O então prefeito Geraldo de almeida Melo transfere a sede
político-administrativa do município para o distrito de Prazeres. A mudança
ocorreu em virtude do maior crescimento urbano e populacional do distrito de
Prazeres e de sua zona de influência, notadamente a zona das praias, em
oposição a antiga sede de Jaboatão, com crescimento populacional mais lento e
industrial estagnado. Assim, por força da lei municipal n°4 de 05 de maio de
1989, a sede do município é transferida para Prazeres e o nome do município
passa a ser Jaboatão dos Guararapes. (MARCENA, 2004)
A
partir do ano 2000, um novo surto de transformações passa a marcar a história
do município. A construção de uma nova Br 101 sul, através do bairro de
Comportas, favoreceu a expansão industrial por aquela direção.

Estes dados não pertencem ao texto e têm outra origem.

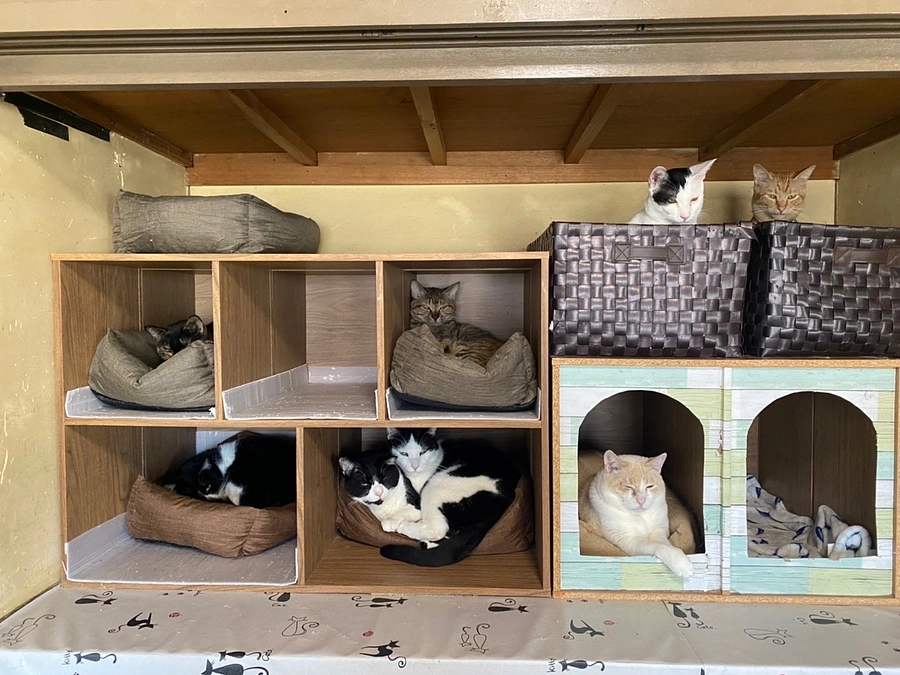 ネクストゴールにチャレンジ致します！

A partir de
2006, o município passa a integrar o Território Estratégico de Suape,
favorecendo o crescimento industrial do município, principalmente pela
Muribeca, Prazeres e Comportas. A construção da Ponte do Paiva, em 2009, trouxe
uma nova valorização imobiliária para a zona das praias. Todavia, várias
indústrias antigas entrarem em falência, como a Usina Bulhões, no ano de 2009,
e a Fábrica de Papel (Portela), no ano de 2017. A expansão urbana e industrial
acelerada, sem uma devida preocupação com o planejamento urbano, com os
direitos sociais, com o meio ambiente e com a preservação do Patrimônio
Histórico e Cultural tem sido uma característica do atual município do Jaboatão
dos Guararapes, levando à destruição e descaracterização de vários sítios
históricos, principalmente dos antigos engenhos e das vilas operárias.